From the first line of the material through the line that holds "1 Pre-Filter 1", repeat each line exactly and skip any picture.

## [Entries provided]

#####

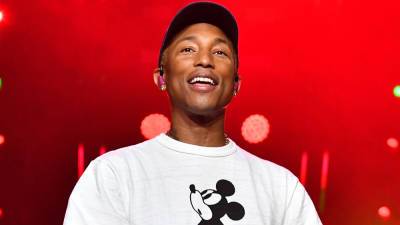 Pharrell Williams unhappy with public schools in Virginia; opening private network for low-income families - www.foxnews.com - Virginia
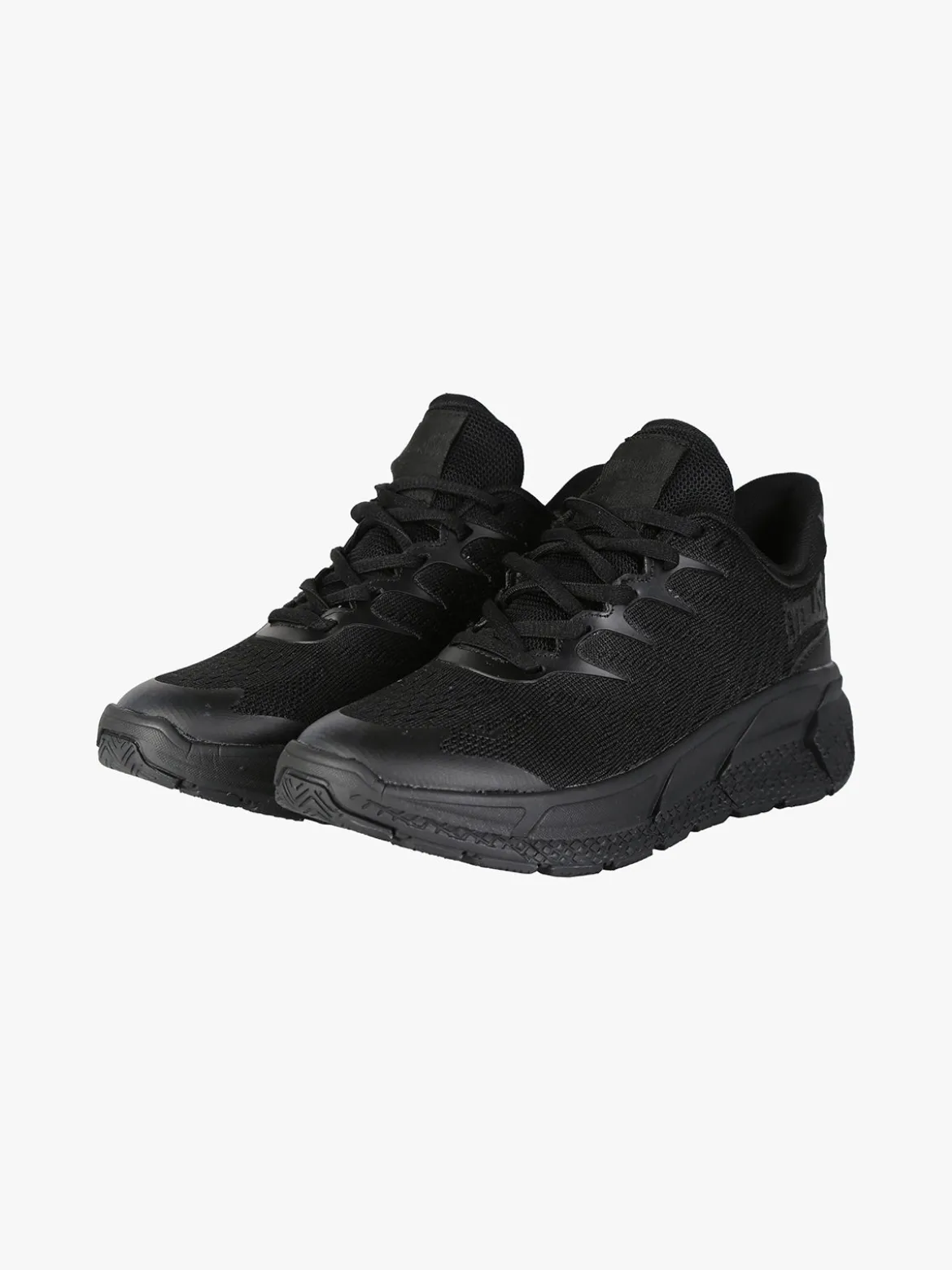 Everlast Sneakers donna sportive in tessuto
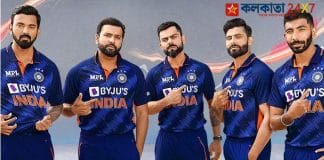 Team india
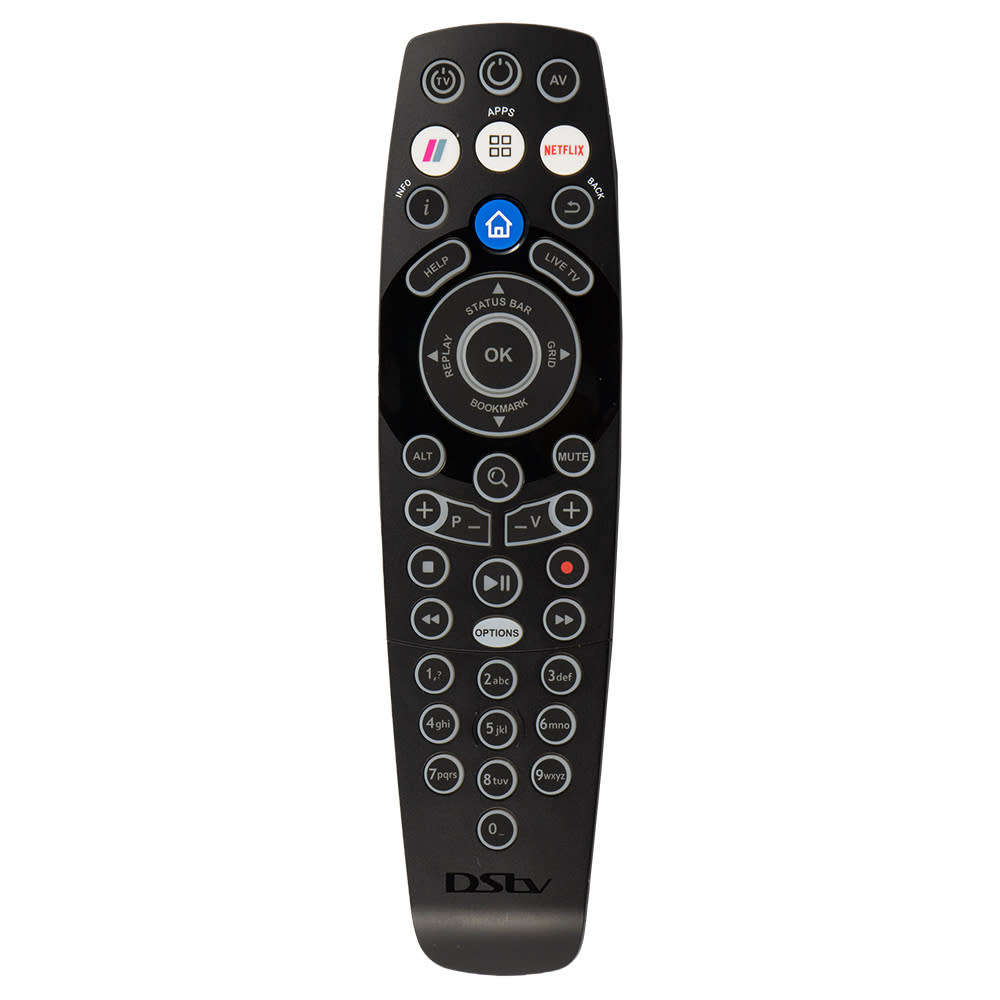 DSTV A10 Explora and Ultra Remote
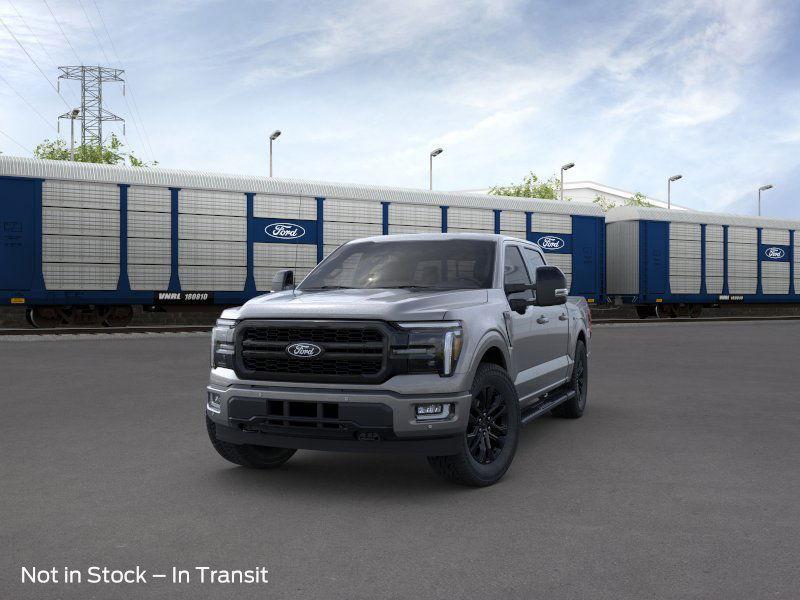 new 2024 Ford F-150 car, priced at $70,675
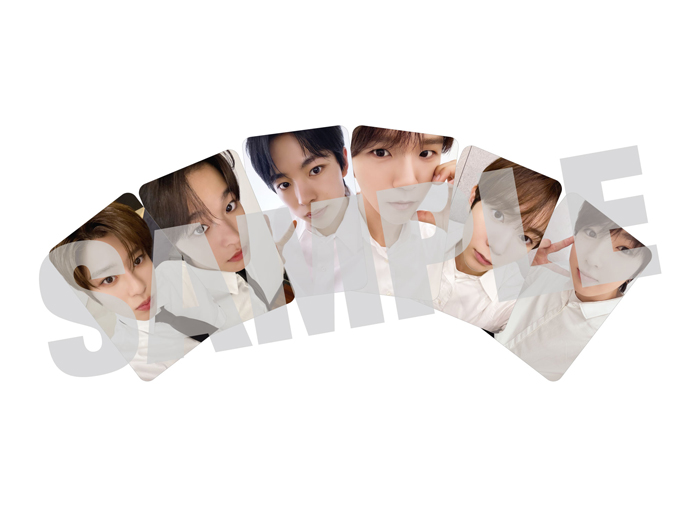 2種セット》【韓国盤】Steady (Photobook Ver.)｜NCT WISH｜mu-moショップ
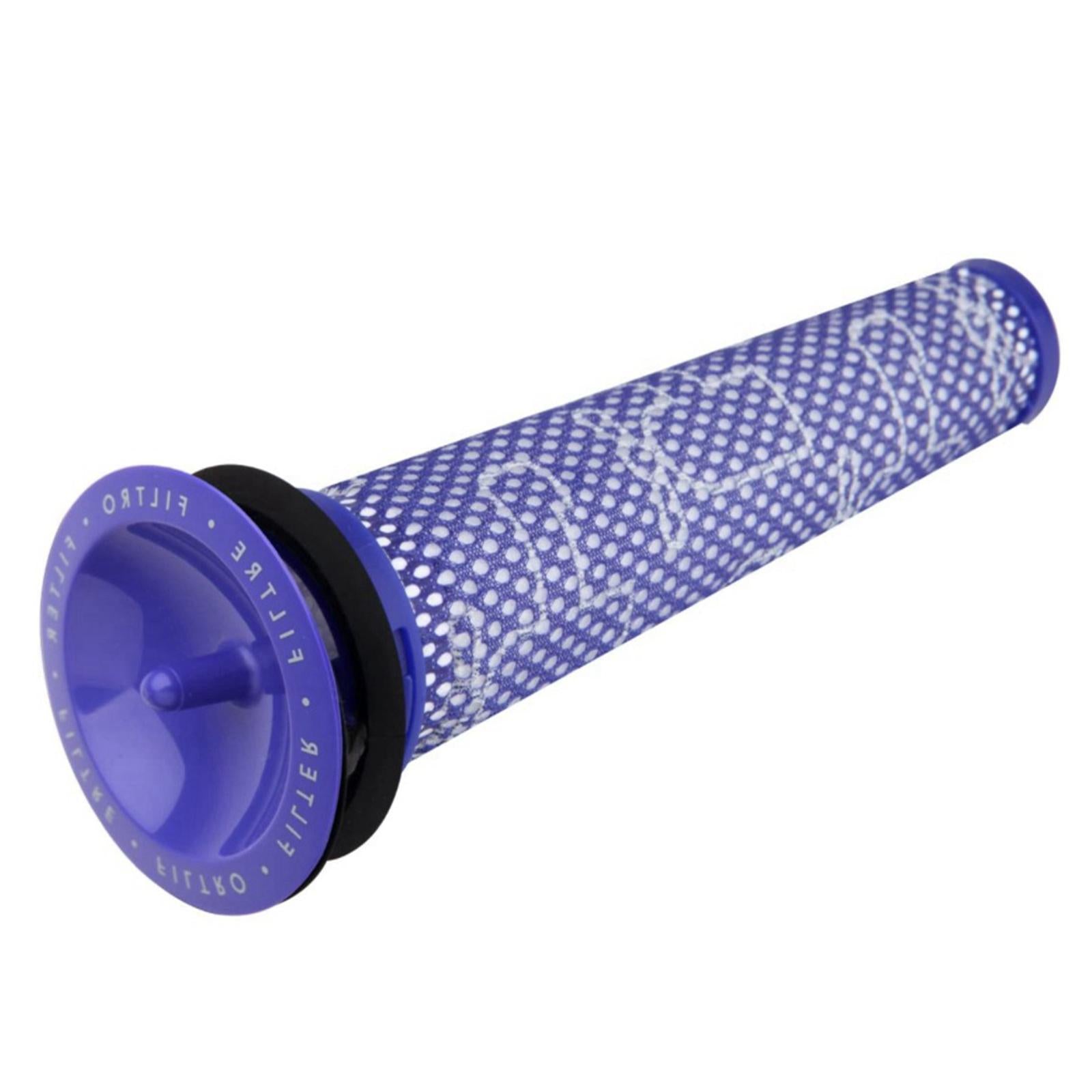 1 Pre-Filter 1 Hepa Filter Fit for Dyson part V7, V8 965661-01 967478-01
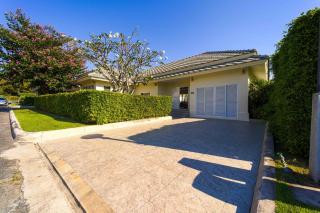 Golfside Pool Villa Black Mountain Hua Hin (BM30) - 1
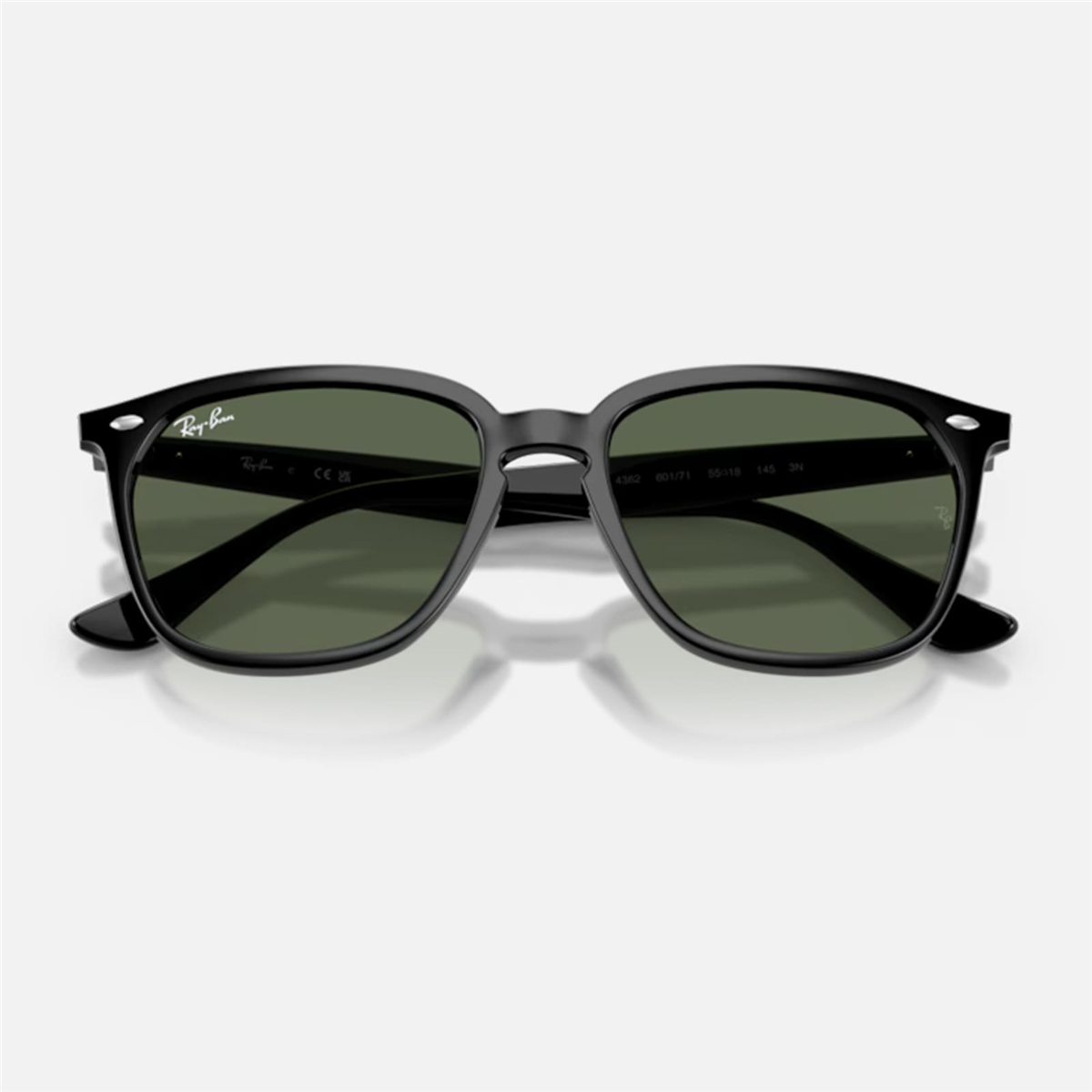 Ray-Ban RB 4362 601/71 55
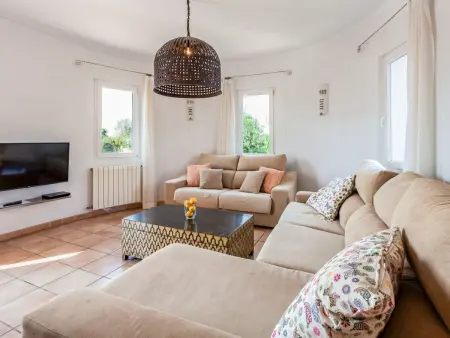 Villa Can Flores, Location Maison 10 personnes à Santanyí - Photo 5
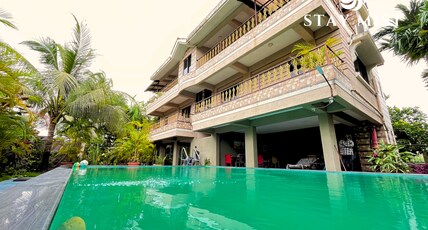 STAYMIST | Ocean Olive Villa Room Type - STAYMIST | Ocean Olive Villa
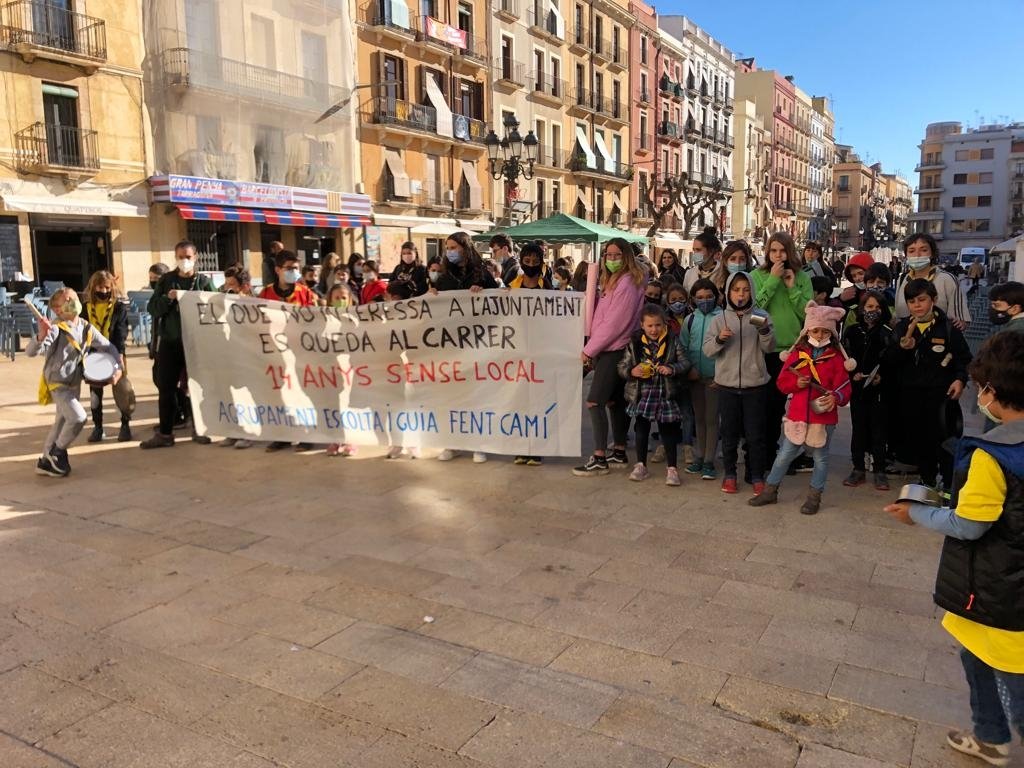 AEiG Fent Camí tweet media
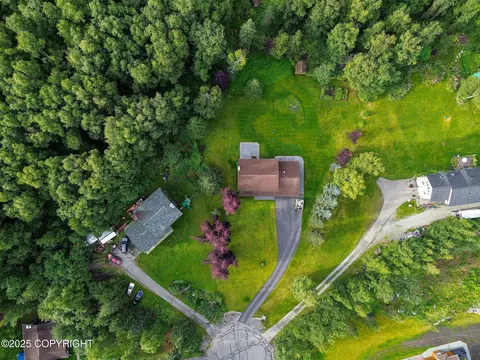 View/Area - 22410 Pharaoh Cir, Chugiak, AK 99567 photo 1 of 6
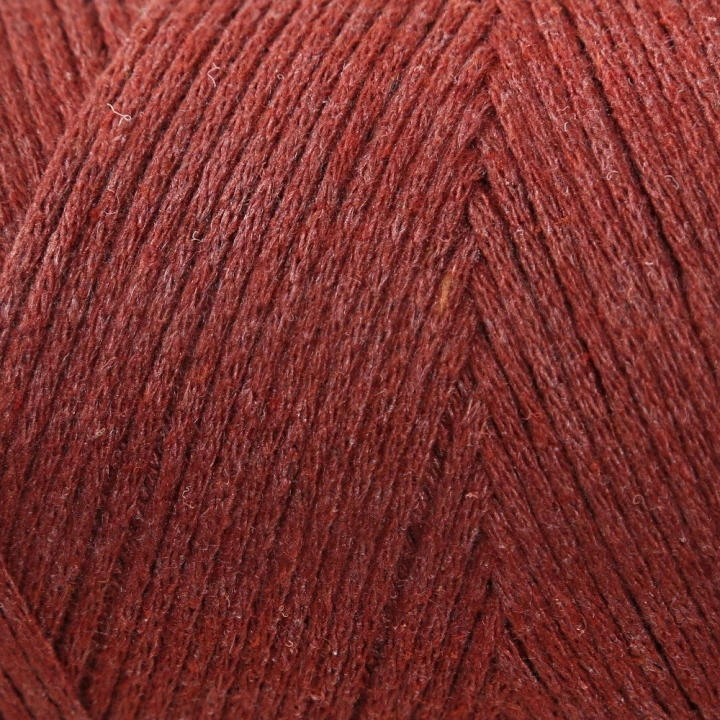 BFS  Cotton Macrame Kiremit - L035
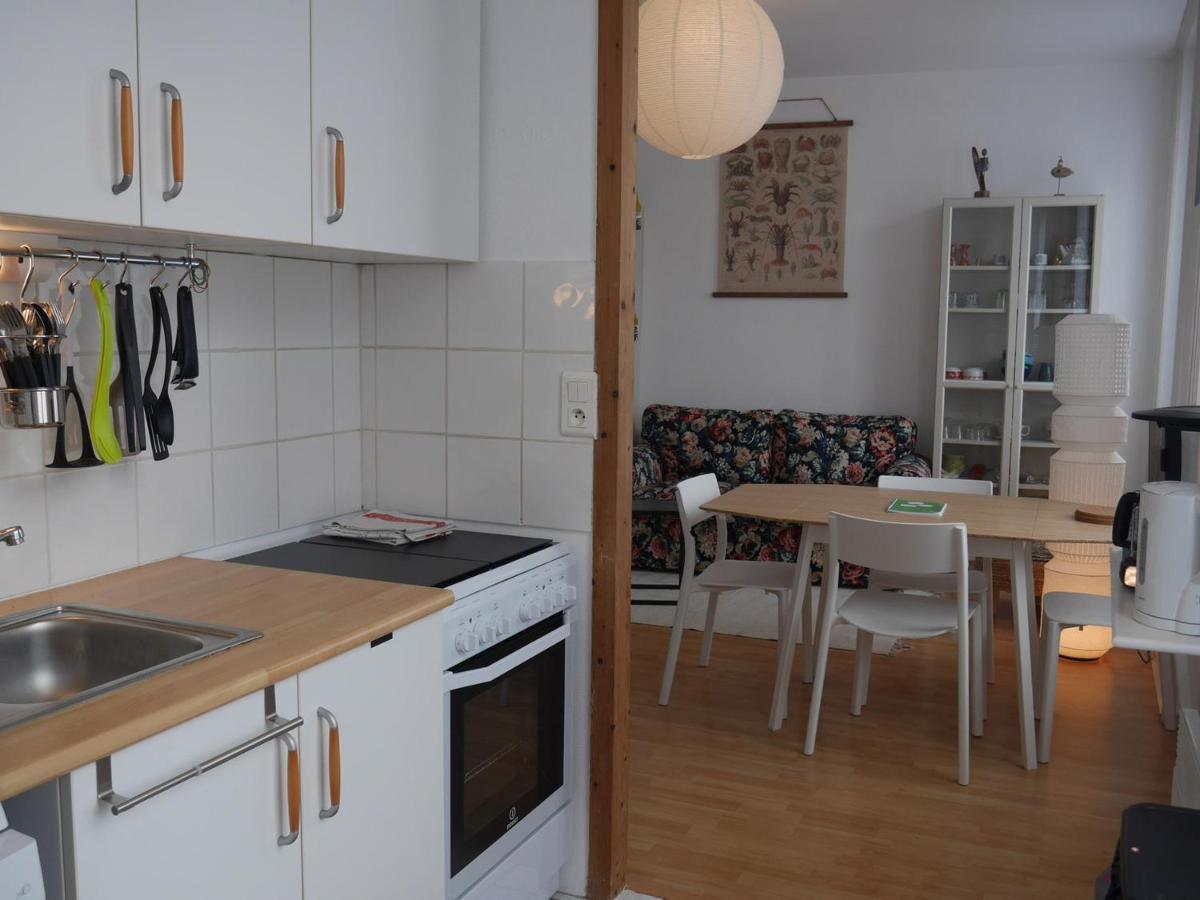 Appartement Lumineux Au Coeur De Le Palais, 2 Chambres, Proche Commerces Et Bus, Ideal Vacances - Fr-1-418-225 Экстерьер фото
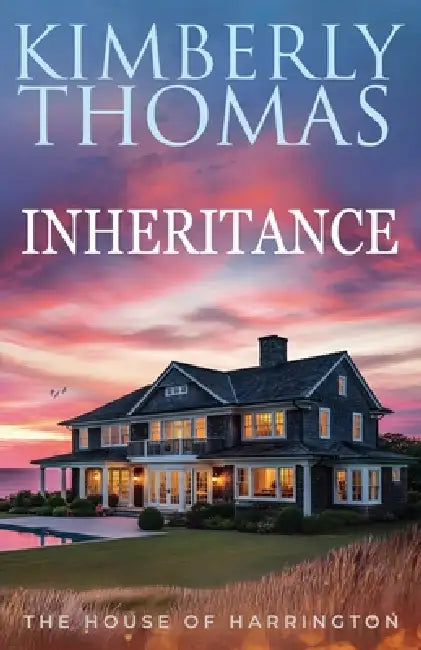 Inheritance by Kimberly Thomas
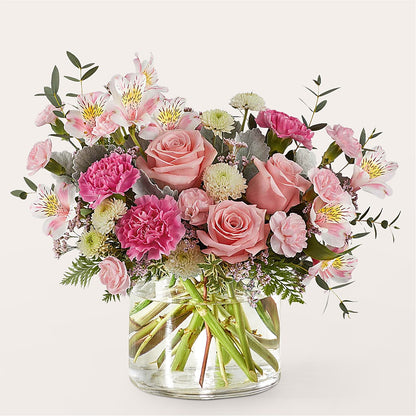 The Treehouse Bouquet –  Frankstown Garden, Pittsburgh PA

#####

## [Reply]
 Pharrell Williams unhappy with public schools in Virginia; opening private network for low-income families - www.foxnews.com - Virginia
 Everlast Sneakers donna sportive in tessuto
 Team india
 DSTV A10 Explora and Ultra Remote
 new 2024 Ford F-150 car, priced at $70,675
 2種セット》【韓国盤】Steady (Photobook Ver.)｜NCT WISH｜mu-moショップ
 1 Pre-Filter 1 Hepa Filter Fit for Dyson part V7, V8 965661-01 967478-01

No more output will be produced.